Speed up checks that rely on string parsing by not building intermediate binaries
This speeds up the replace_with_spaces functions in the modules that do string parsing to remove certain types of code. On our 3500 file codebase at Jump, any check that relies on these functions is about an order of magnitude slower than checks that operate solely on the AST (they take seconds rather than hundreds of milliseconds), so improving the speed of this string parsing provides a good return.
All told, on our codebase these changes speed up the SpaceInParentheses check by 1.032 seconds on average (27% improvement; 95% confidence interval .963-1.102 sec) and SpaceAfterCommas check by 1.128 ms on average (39.5% improvement; 95% confidence interval 1.082-1.174 sec).

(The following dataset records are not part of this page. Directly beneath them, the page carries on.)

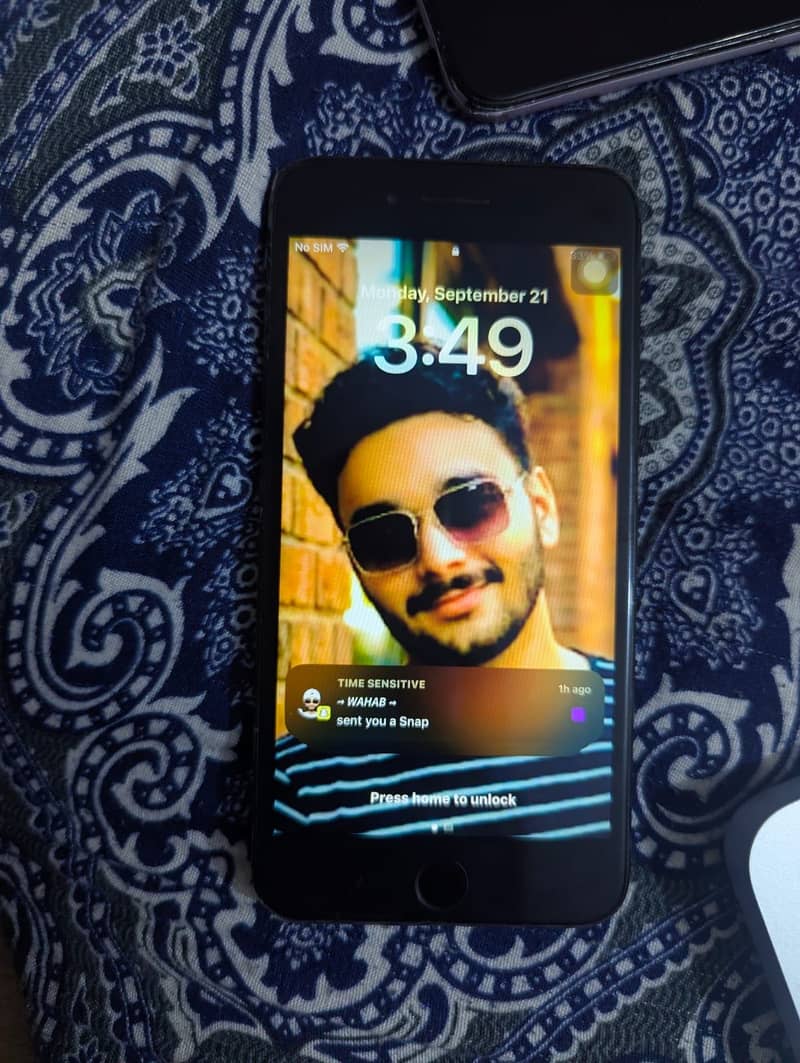 Apple iPhone 8 Plus 5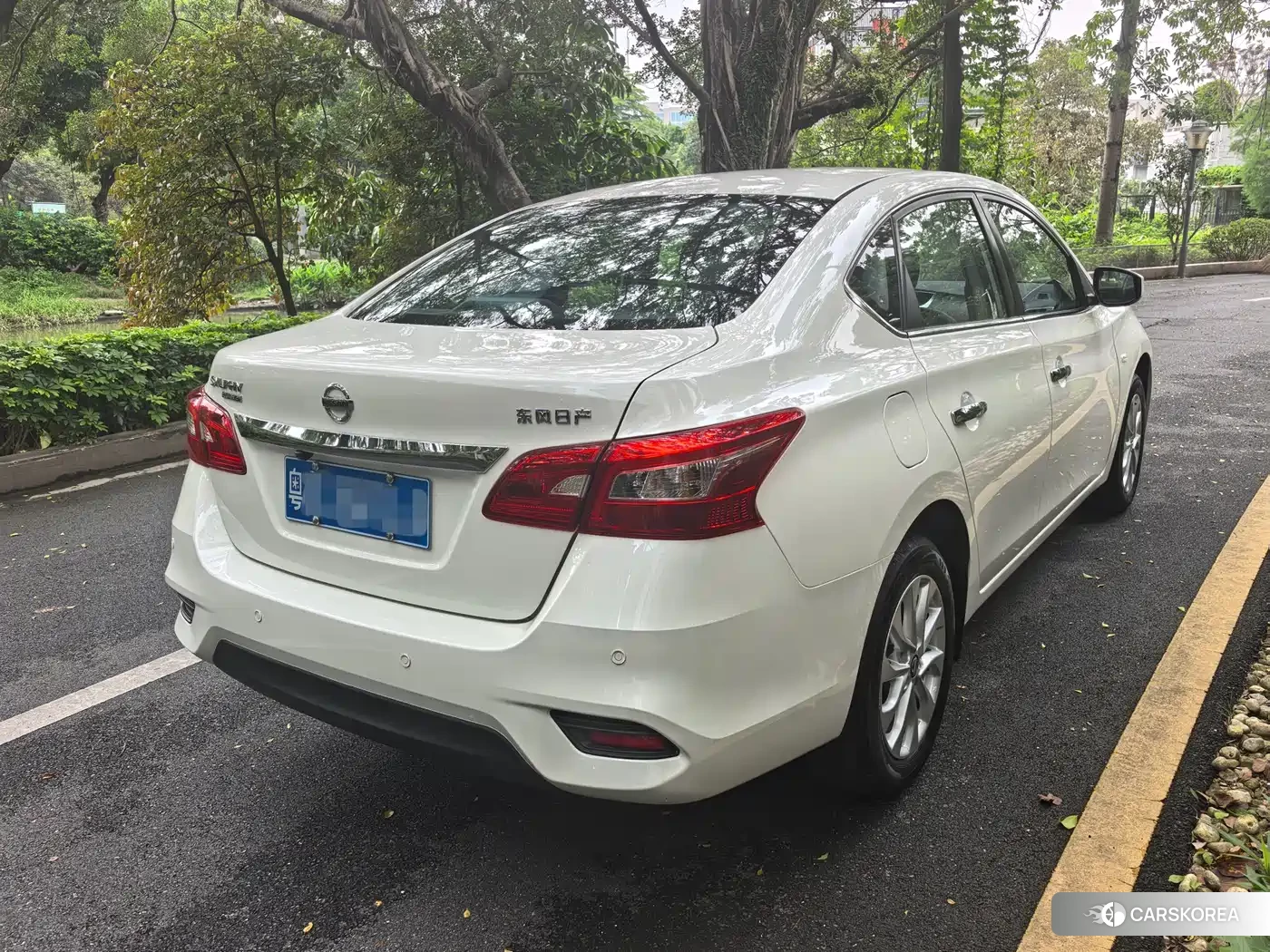 Nissan Xuan Yi id 4512968 из Китая 12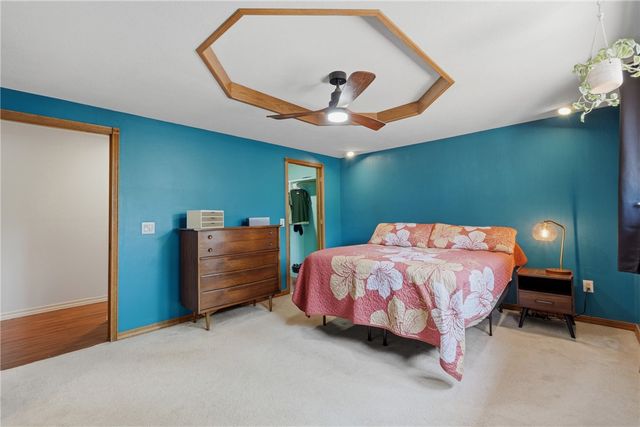 24 Indian Wells, Holiday Island, AR 72631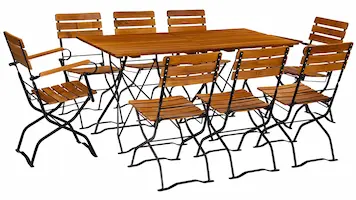Bei der Biergartenbestuhlung mit zwei quadratischen Tischen können die Tische mit der Lattung längs oder quer verwendet werden. Biergartenbestuhlung Latten längs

Raw data on 20 runs comparing the changed version to master: comparison.csv
I am in favor of this and have no problems with the slight change in handling heredocs.
One thing that worries me: I tested this on a couple of small projects (~300 files) and it gets around 10% slower with these changes.
I am wondering if this is due to my setup or if we have an explanation for this? Maybe I can pin point which checks are getting slower.
@rrrene Interesting! Here's the patch I've been using the profile the runtimes of individual checks. I wonder if this is a pessimization on a check I'm not using. 🤔
This looks good. I will merge it before the "x-mas release" 👍